::: RECORDS FOR PROCESSING

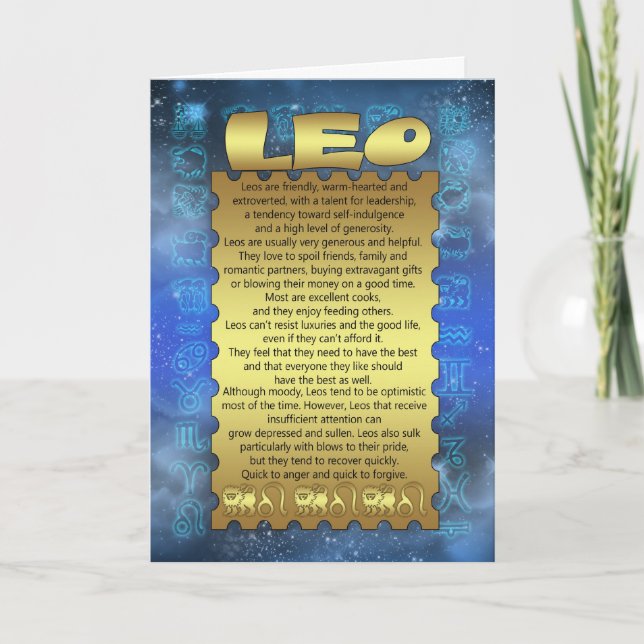 Carte d'anniversaire de Lion - carte (Devant)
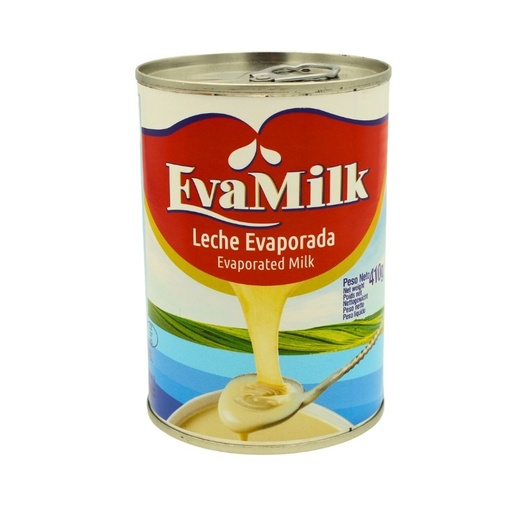 Leche Evaporada Evamilk Lata 410ml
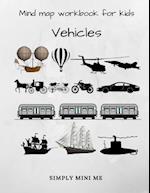 Mind Map Workbook for Kids - Vehicles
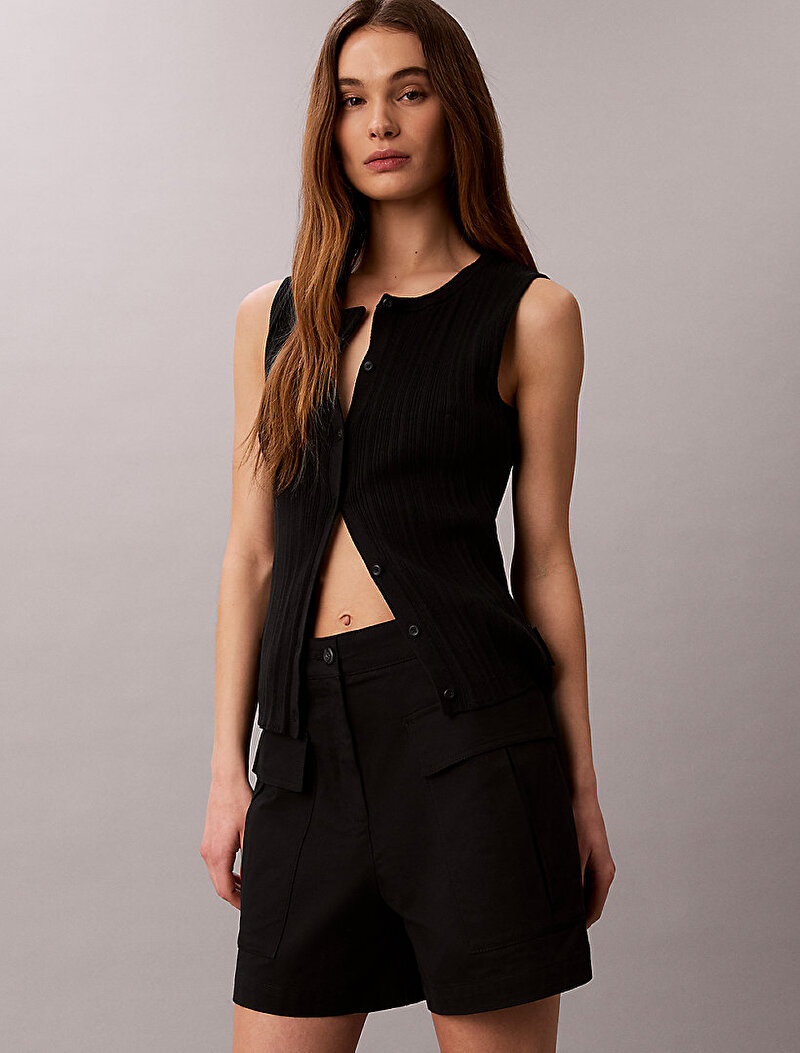 Calvin Klein Siyah Renkli Kadın Utility Şort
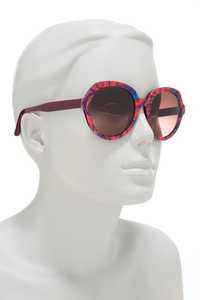 Новые солнцезащитные очки etro et 646s 607 оригинал круглые красные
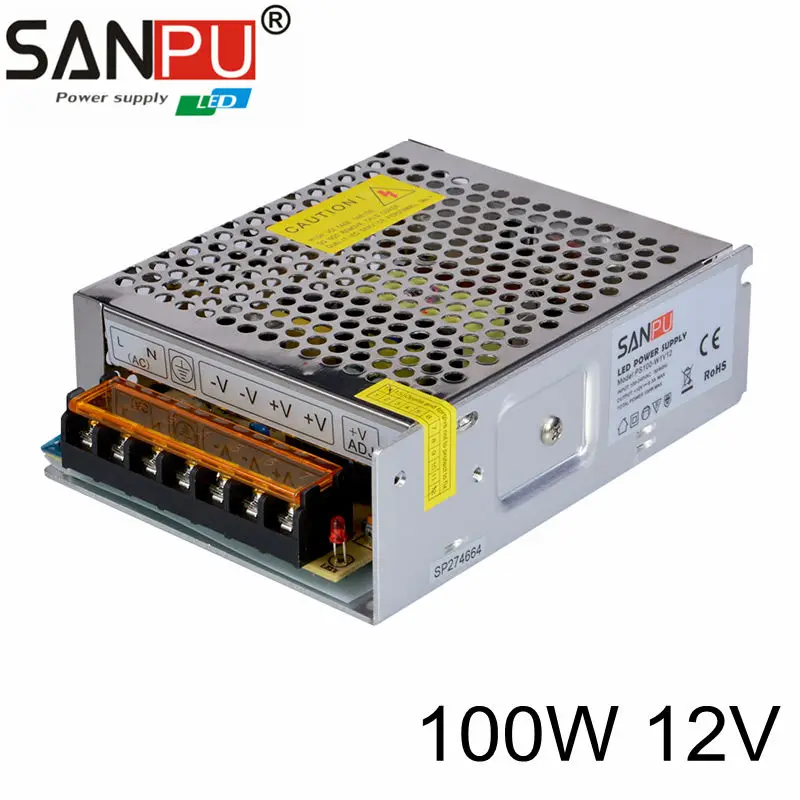 100W 12V 8A Маленький 2017 Новое прибытие 220V лабораторный блок питания Один выход Для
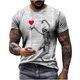 thumbnail image 1 of Camiseta de diario unisex para hombre, estampado gráfico en 3D, estampado de calavera, camisetas de manga corta, blusa informal Pompotops oipoqjl31356, 1 of 9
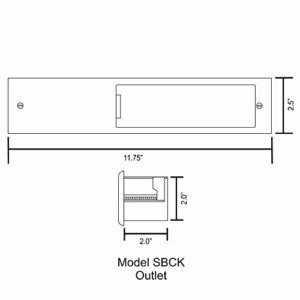 PowerBridge TWO-CK Dual Outlet for TV and Sound-Bar Recessed In-Wall Cable Management System Kit (TWOSB-CK)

::::::

◆ WHAT TO DO
Only the text of the entries above is to be given again, exactly, with the pictures left out.

◆ EXERCISE SOLUTION
 Carte d'anniversaire de Lion - carte (Devant)
 Leche Evaporada Evamilk Lata 410ml
 Mind Map Workbook for Kids - Vehicles
 Calvin Klein Siyah Renkli Kadın Utility Şort
 Новые солнцезащитные очки etro et 646s 607 оригинал круглые красные
 100W 12V 8A Маленький 2017 Новое прибытие 220V лабораторный блок питания Один выход Для
 thumbnail image 1 of Camiseta de diario unisex para hombre, estampado gráfico en 3D, estampado de calavera, camisetas de manga corta, blusa informal Pompotops oipoqjl31356, 1 of 9
 PowerBridge TWO-CK Dual Outlet for TV and Sound-Bar Recessed In-Wall Cable Management System Kit (TWOSB-CK)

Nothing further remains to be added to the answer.